The deployment of Iraqi security forces in the north and west of the country has created a void in the southern oil producing region where a sectarian conflict between Shia and Sunni tribes is on the rise.
The disputes are over farmland, state construction contracts, and land ownership, according to security sources.
The increased violence risks undermining the Iraqi government’s plans to attract new investment to the oil and gas sector in an aim to recover its economy since the war with the Islamic State (IS) began in 2014.
Officials have highlighted the importance of stability in Basra, the main southern city home to Iraq’s largest oilfields where exports account for over 95 percent of government revenues.
Ali Shaddad, the head of the oil and gas committee in Basra’s provincial council, said recent fighting by tribes with mortars and machine guns had come close to key oil installations in the west and north of the city.
“Tribal feuds have been exacerbating recently, and such a negative development could threaten the operations of the foreign energy companies,” he said.
Meanwhile, state-run South Oil Co. (SOC) said oil workers and foreign contractors have refused to continue working due to the violence.

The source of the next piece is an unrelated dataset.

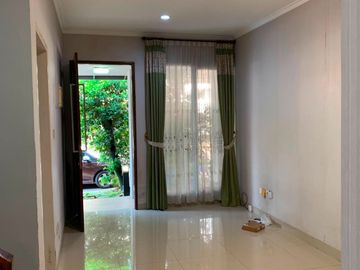 Disewakan Rumah Cluster Milano Gading Serpong – 3 Kamar Tidur | Semi Furnished | Rp55 Juta/Tahun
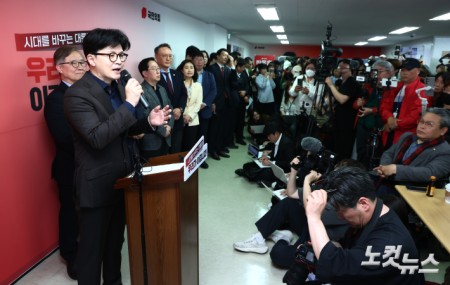 한동훈 국민의힘 대선 경선 후보가 18일 서울 여의도에 마련된 국민먼저캠프 사무실에서 캠프 인사 발표 기자회견을 하고 있다.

“Tribal fighting near oilfields sites is definitely affecting the energy operations and sending a negative message to foreign oil firms,” Abdullah al-Faris, a media manager at SOC, said.
Monitoring security in the southern parts of Iraq has become difficult as forces are focusing on defeating IS, according to Army Lieutenant Colonel Salah Kareem.
“We need larger forces to control rural areas and restrain lawless tribes in the south,” Kareem said. “This is a difficult job for now as most troops are busy with fighting [IS].”
Security forces have failed to disarm tribesman who had seized large supplies of light and heavy weapons from Saddam Hussein’s army following the collapse of the regime in 2003.